Return exactly the lines of the entries that start at the line containing "Fineas SS Golfer in Lead" and continue to the last line. Omit the pictures.

(Short descriptive text snippets)
# # # #

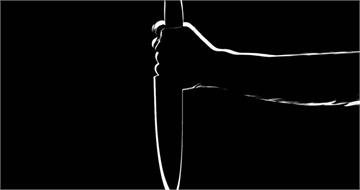15歲少年數十刀砍死「醫師爸」　爽玩1天才自首：我殺了我爸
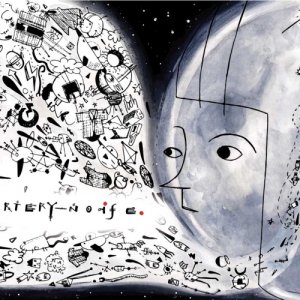 album Artery Noise EP - Artery Noise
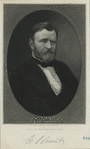 U.S. Grant - Portraits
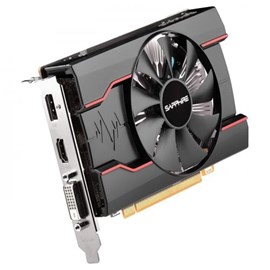 Sapphire Pulse AMD Radeon RX 550 11268-21-20G 2 GB 64 Bit GDDR5 Ekran Kartı 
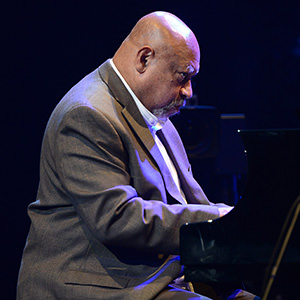 9月7日（日）昼［THIS IS JAZZ］The Quartet Legend featuring ケニー・バロン、ロン・カーター、ベニー・ゴルソン、レニー・ホワイト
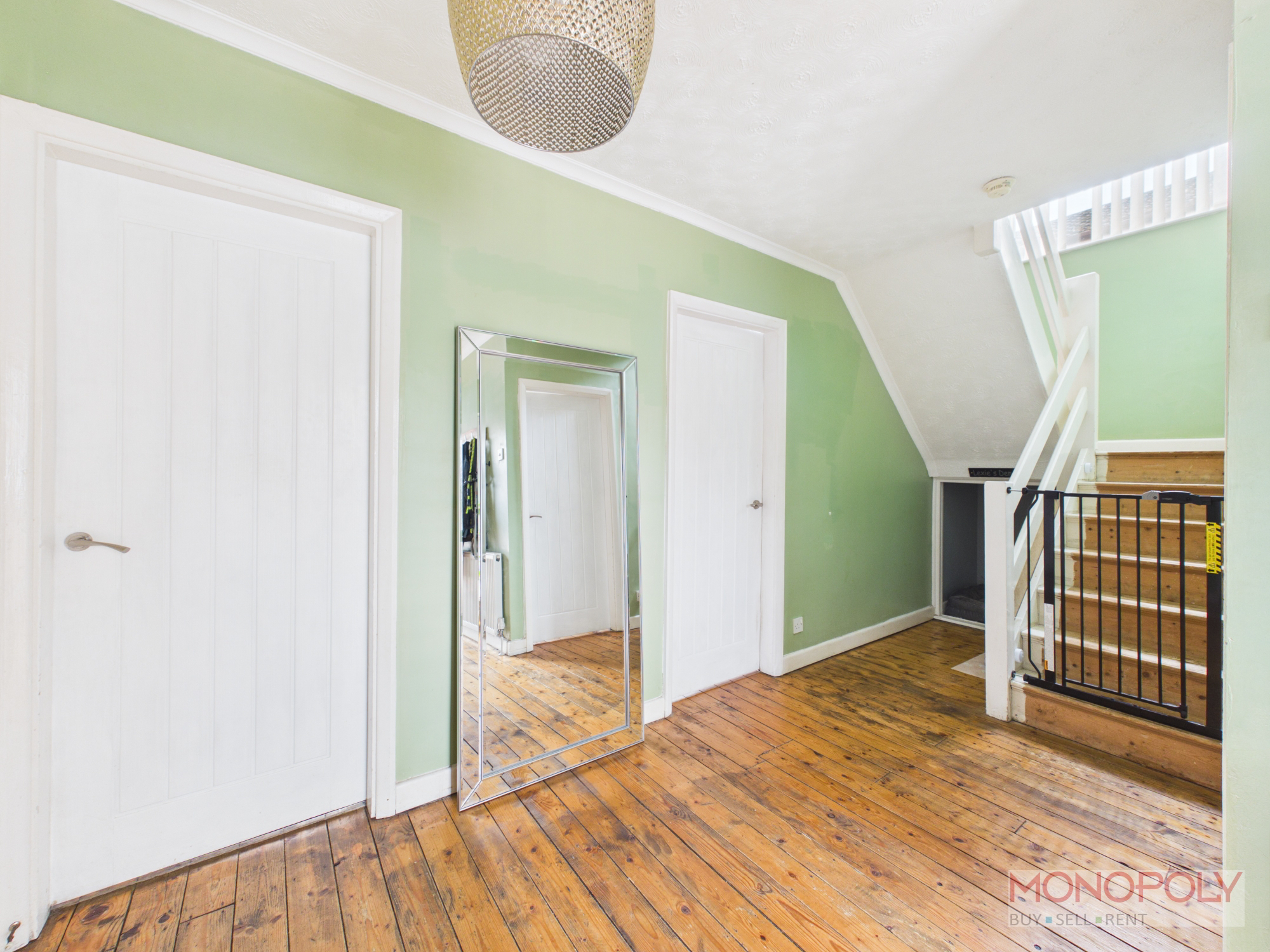 Yorke Avenue, Marchwiel, LL13, photo 8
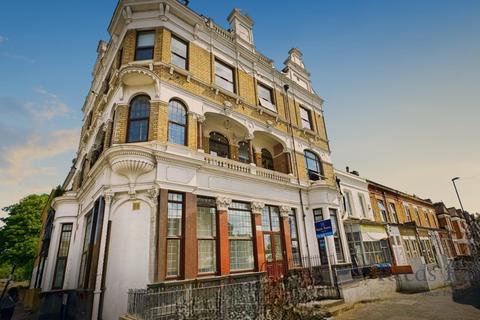 Laleham Road, London SE6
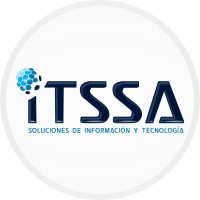 ITSSA logo - Similar company to Itssa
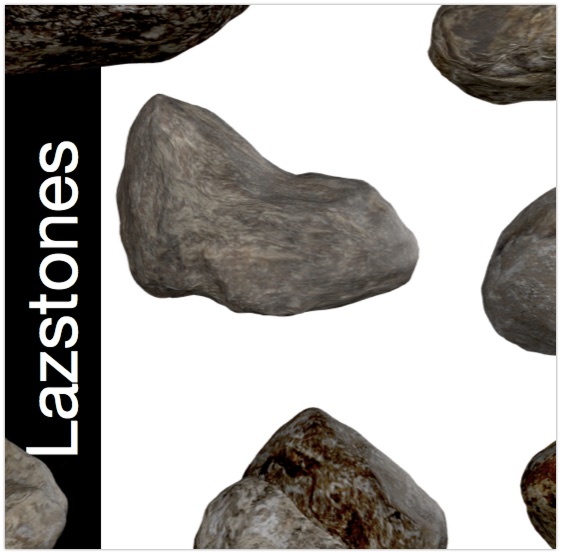 Skipping Stones - Writing with students Poem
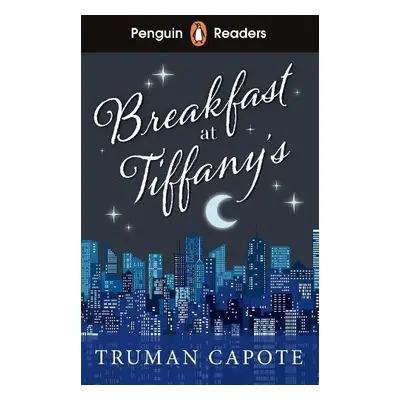 Penguin Readers Level 4: Breakfast at Tiffany's (ELT Graded Reader) - Capote, Truman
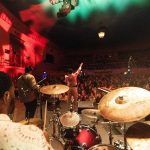 Egyptian Theatre Boise Idaho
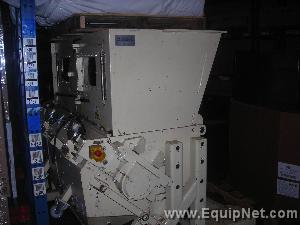 Getecha Granulator 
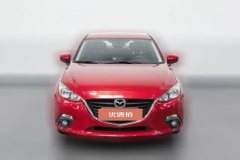 2017 Mazda Mazda3 Axela Sedan 2016 1.5 AT Comfort #3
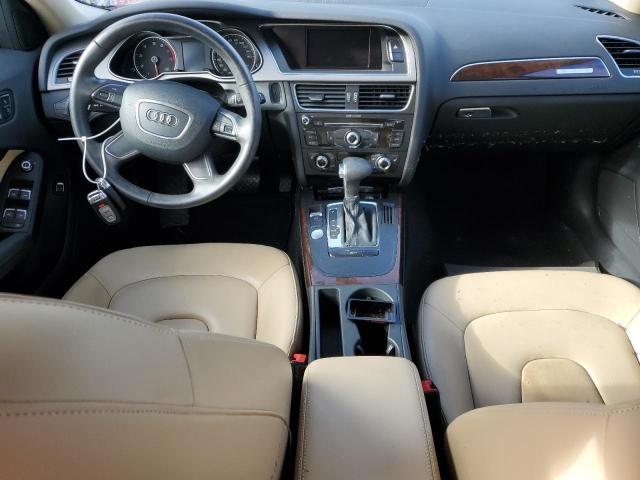 Photo 7 VIN: WAUFFAFL6DA165533 - AUDI A4 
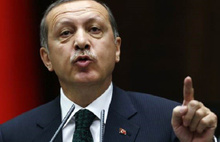 Wall Street: Erdoğan'ın intikamı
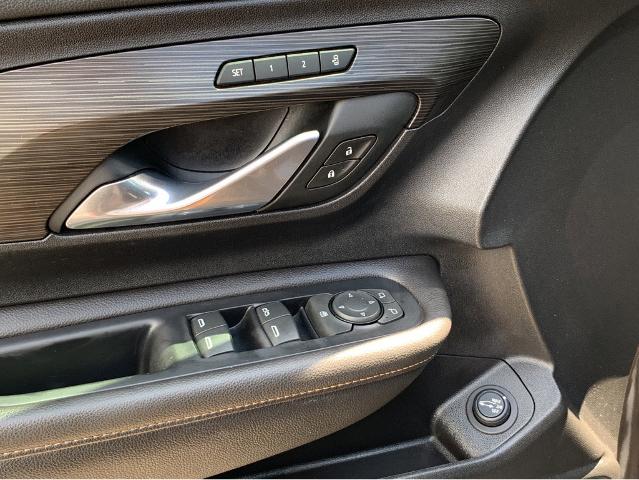 2020 GMC Terrain Vehicle Photo in BEAUFORT, SC 29906-4218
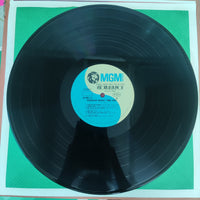 แผ่นเสียง Various - Historia De Un Amor World Music Best Collection Vol.1 Vinyl VG+ 12LPs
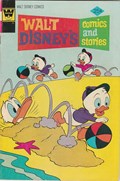 WALT DISNEY'S COMICS AND STORIES #409B 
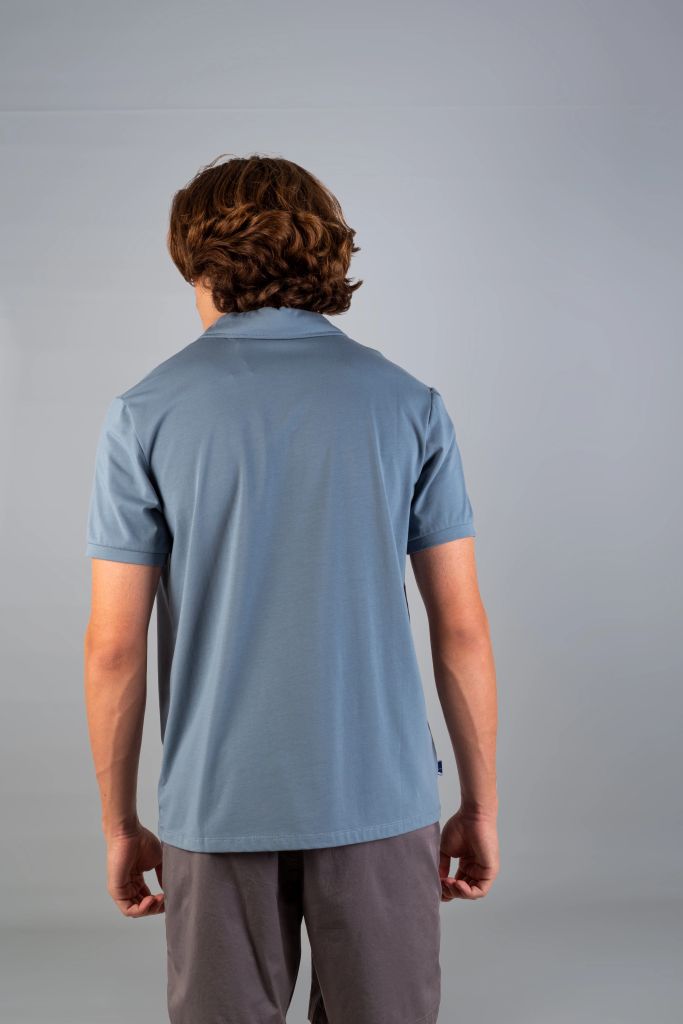 Fineas SS Golfer in Lead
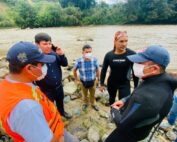 quinto cuerpo tras deslave de la vía Loja-Zamora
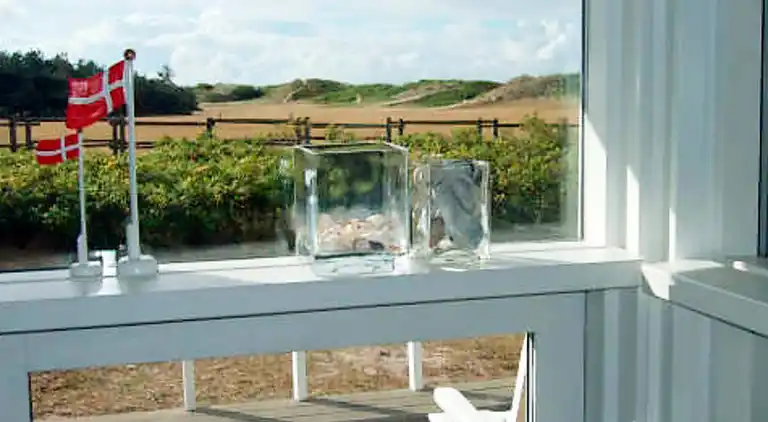 Holiday home in Ristinge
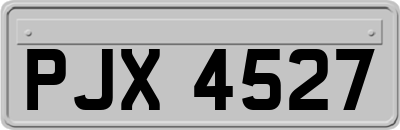 PJX4527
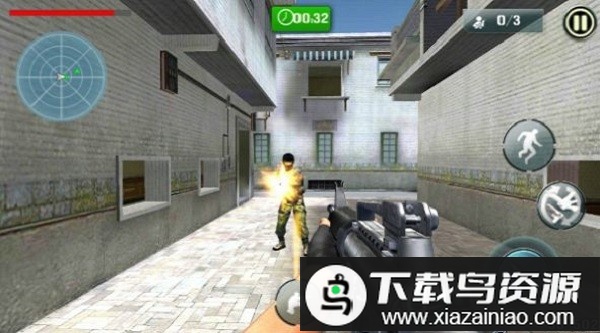 疯狂战争狙击手中文版最新版截图3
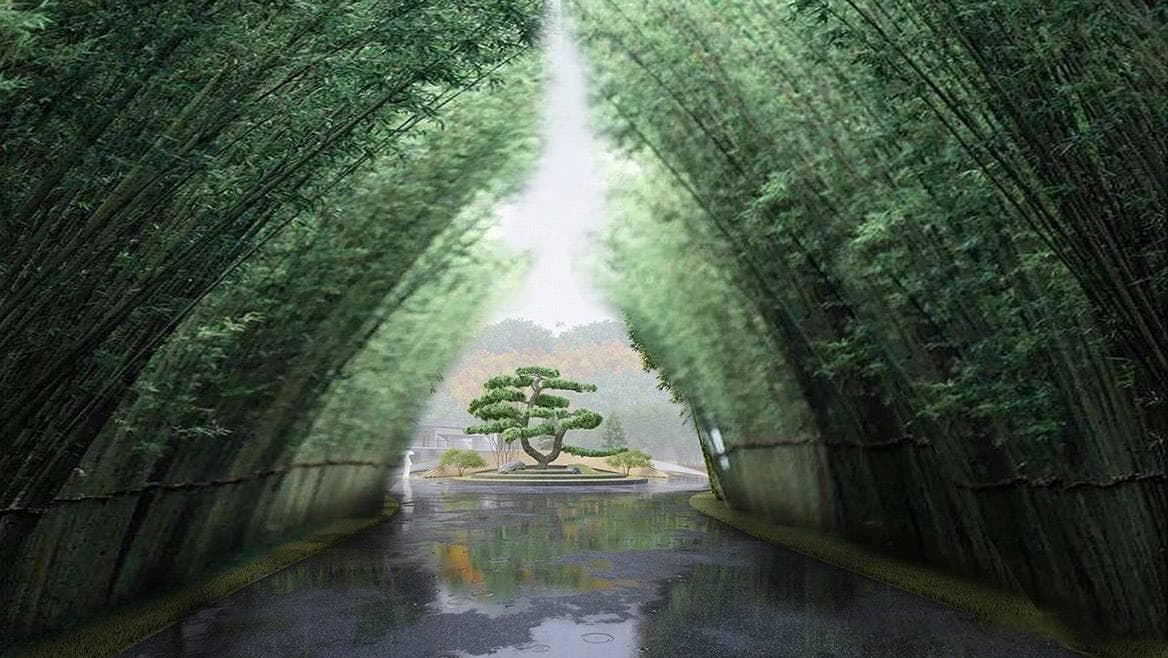 地域文化与风景园林设计融合的策略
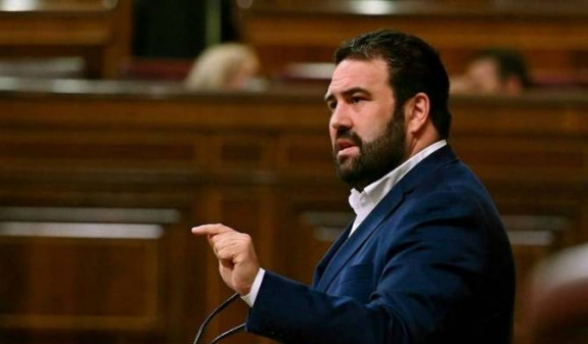 Права армян Нагорного Карабаха всегда должны быть в центре внимания ЕС – депутат парламента Испании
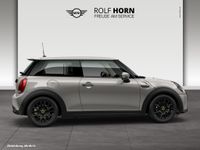 MINI Cooper SE - Vorschau Bild 8
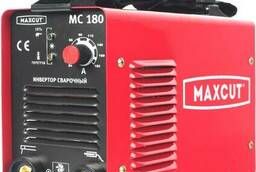 Inverter welding machine Patriot Maxcut MC 180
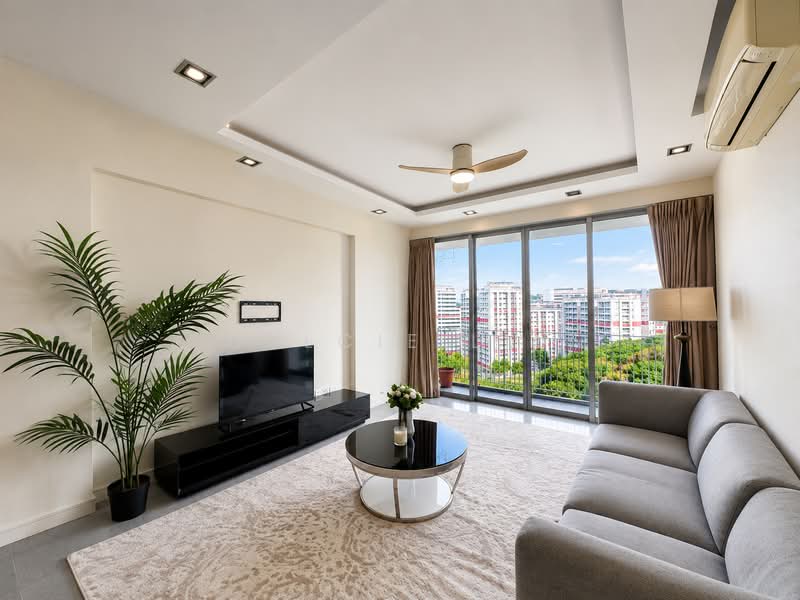10 Woodleigh Close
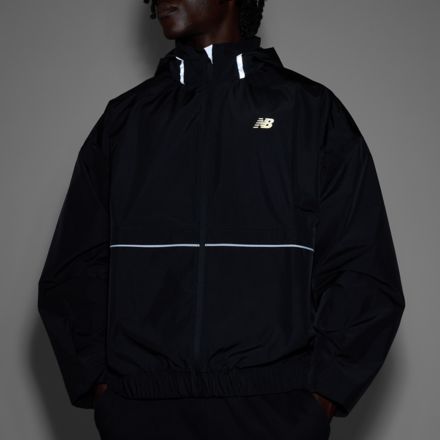 Elusive Shell 外套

# # # #

**TASK ANSWER**
 Fineas SS Golfer in Lead
 quinto cuerpo tras deslave de la vía Loja-Zamora
 Holiday home in Ristinge
 PJX4527
 疯狂战争狙击手中文版最新版截图3
 地域文化与风景园林设计融合的策略
 Права армян Нагорного Карабаха всегда должны быть в центре внимания ЕС – депутат парламента Испании
 MINI Cooper SE - Vorschau Bild 8
 Inverter welding machine Patriot Maxcut MC 180
10 Woodleigh Close
 Elusive Shell 外套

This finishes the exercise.